Alisha Bhimani kept trying to ignore the voice inside her head — the one that urged her to pursue a career that focused on people instead of lab instruments, on working with the public instead of behind the scenes. But then she took her first trip abroad, and that all changed.
A volunteer with Emory’s Medical Global Brigades, she traveled in 2014 to Honduras. "The situations I encountered in one week in Honduras were unlike any I had ever had to confront in a classroom, textbook or laboratory," she says. She was struck by the kindness of the health care providers there to the families and children in their care, and how happy the patients and their families seemed, despite residing in one of the Western hemisphere’s poorest nations.
Bhimani decided that she too wanted to be in a profession where she worked with patients and their families directly. Nursing was a distinct possibility. "It’s the one profession where you’re always there throughout the patient’s travails," she explains. "You’re the one who’s going to be in their room at midnight, when they’re upset and need comforting."
Yet she wasn’t quite ready to make the commitment to, what was for her, a radical change to her life plan.
"I always knew that I had a passion to help and take care of people," Bhimani says. But with a childhood that left her shy and introverted, she felt inadequate compared to her peers, who seemed to have their "lives put together," with a sense of self-esteem and belonging she lacked.
Finding her way
Born in Hyderabad, India, to parents who divorced when she was very young, Bhimani moved with her mother to the United States as a toddler. She was a bookish child who spent a great deal of time in the library — a safe place to go after school, while her mother worked.
"My mom worked two jobs, but strived to give me a nurturing childhood and passed along to me strong notions about ethics and education, always encouraging me to grow and learn new ideas about the world around me," says Bhimani.
At Emory's Oxford College, which she attended with financial assistance from the Emory Advantage program, Bhimani began her academic career in the sciences, also working as a research assistant there.
After graduating from Oxford, she moved back home while continuing her studies on Emory's Atlanta campus. She also volunteered and worked full time during the summer, once teaching adult learners basic math and sciences classes in order to earn their GEDs. All 179 of her students passed the exam.
"It was just great to see the transformation in these people, who were once scared to speak English but now are in jobs as Montessori teachers or in hospitals communicating in English all the time," she says.
She also volunteered at Children’s Healthcare of Atlanta and at Camp Kesem, for children whose parents have cancer. There, she found herself emerging from her shell — leading campers in silly songs and activities but also becoming a mentor and role model — and gaining a healthy dose of self-confidence in the process. Bhimani, whose mother struggled with rheumatoid arthritis, was acutely aware of the toll a parent’s illness can take on children.
Committed to compassionate care
Bhimani applied to Emory's Nell Hodgson Woodruff School of Nursing on the last possible day and told her mom of her plans at the very last minute. For all the agonizing that went on before, she hasn’t looked back. She is a BUNDLE scholar, a program that trains nursing leaders from underrepresented populations.
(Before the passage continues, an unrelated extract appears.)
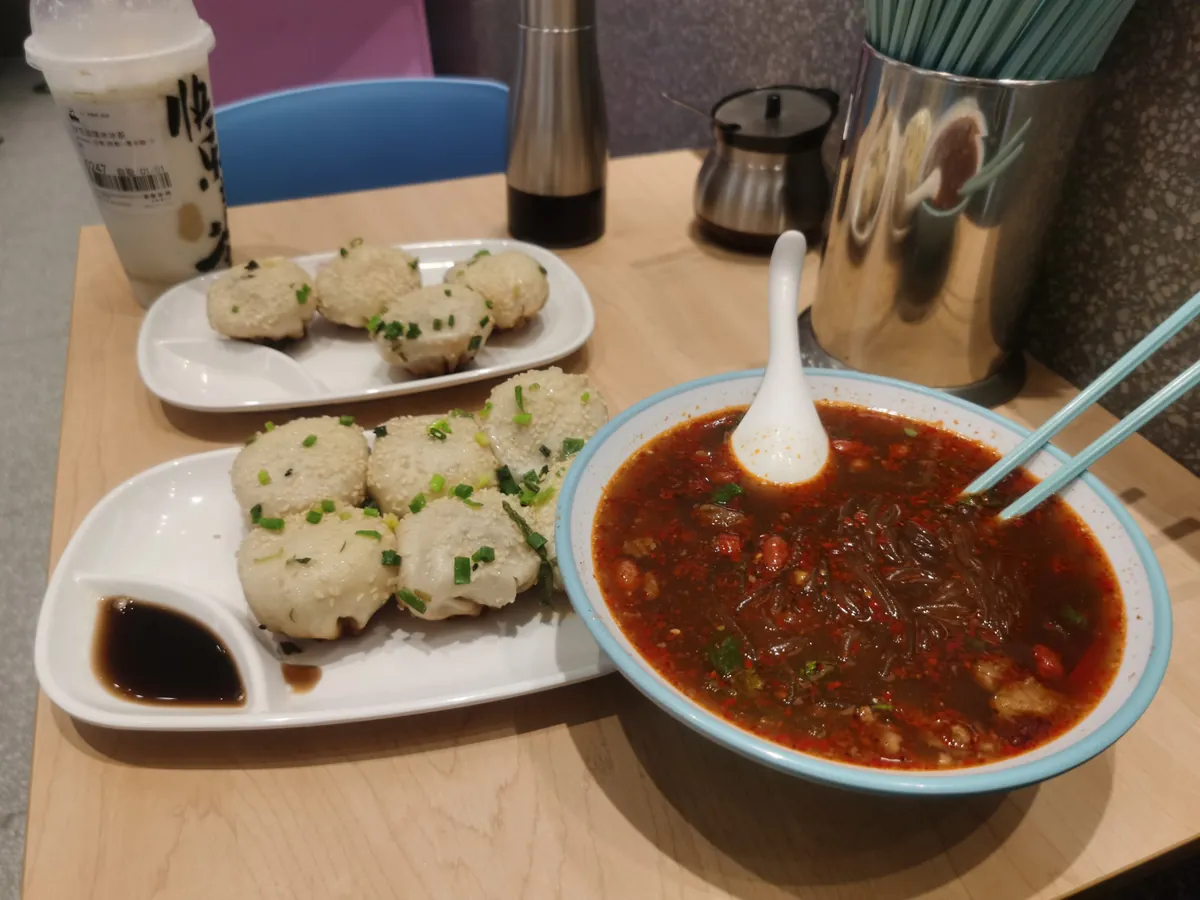 Suzhou shengjian buns with crisp bottoms, sesame, and scallion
She has loved her practicums — she’s currently in cardiac ICU rotation at Emory Midtown — and has learned much from the patients in her care.
"In the ICU, what I like is that it’s so critically important that you as a nurse are noticing these small things involving your patients and making decisions as to what to do next, because doctors are not always there," she says.
Bhimani’s background as a non-native English speaker makes her acutely aware of the disparities in health care, especially around issues of language. It’s not just linguistic barriers that concern her, but the jargon of health care, which patients often find difficult to understand in any language.
"The nurse is the one patients will ask questions when they don’t understand," she says. "That’s what they need, not the medical jargon that’s been thrown at them."
Bhimani received the Davidson Medicine and Compassion scholarship to take part in the interdisciplinary Italian Studies and Medical Humanities study abroad program last summer. Students travel through Italy examining the country’s history, art, literature, social institutions and daily life through the prism of its longstanding ideals of civic and religious compassion and charity toward others.
"I learned that compassion is the light in the dark night. It is an integral pillar in the improvement of a patient’s condition, because it is the kindness of a health care provider that gives the patient the hope to get to another plane," she says.
Her experiences abroad have strengthened Bhimani’s resolve to become a patient-centered health care provider after her graduation this year.
"I witnessed the impact of real compassion, problem solving and perseverance," she says. "I just want to continue to serve those underserved populations around me with the knowledge I have gained in nursing and public health at Emory."